AVAILABLE DATA:
——

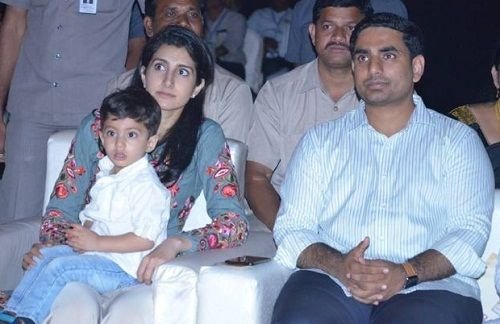 Nara Lokesh With His Wife and Son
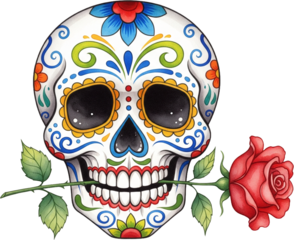 A Lively Collection of Dancing and Singing Sugar Skull Skeleton Characters for a Mexican Fiesta Celebration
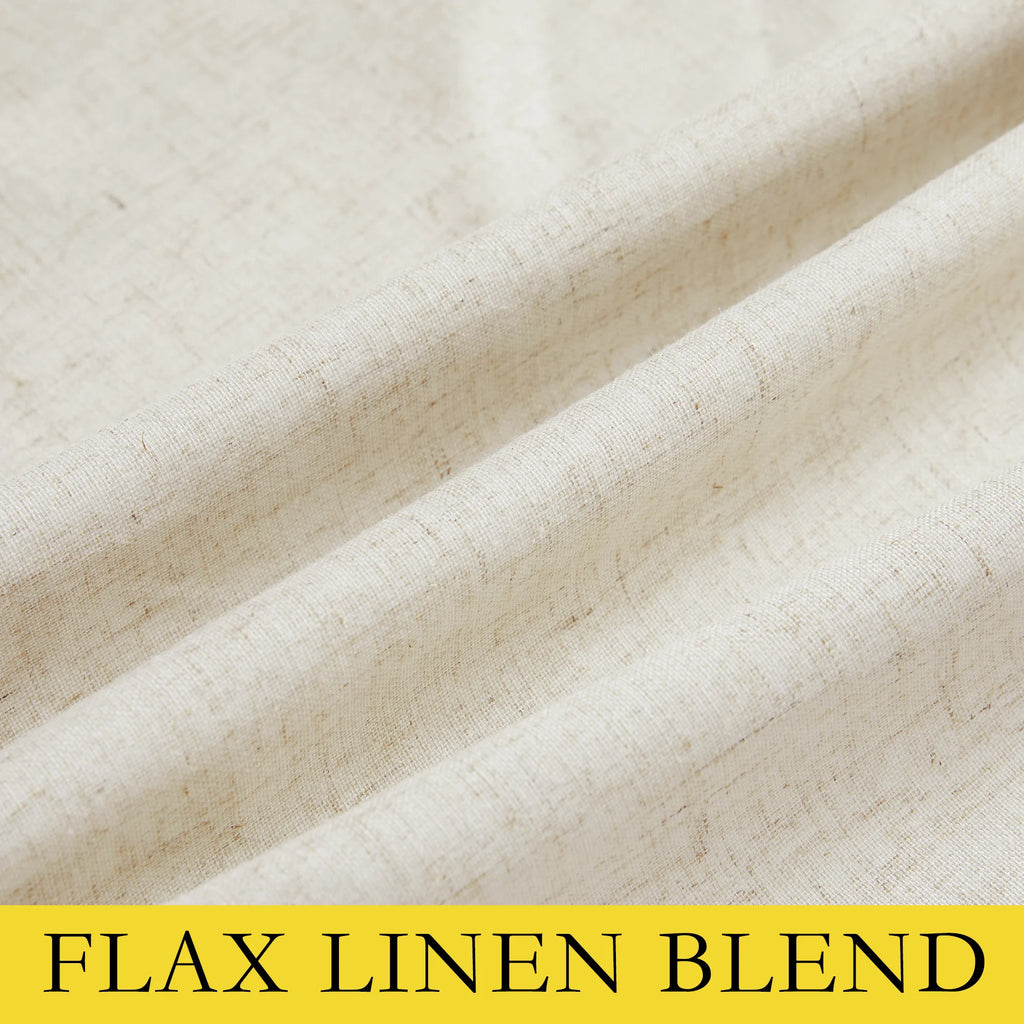 Natural 100% Blackout Linen Kitchen Curtains 63 inch 2 Panels E34766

——

Repeat every line above exactly, but omit all images.

 Nara Lokesh With His Wife and Son
 A Lively Collection of Dancing and Singing Sugar Skull Skeleton Characters for a Mexican Fiesta Celebration
 Natural 100% Blackout Linen Kitchen Curtains 63 inch 2 Panels E34766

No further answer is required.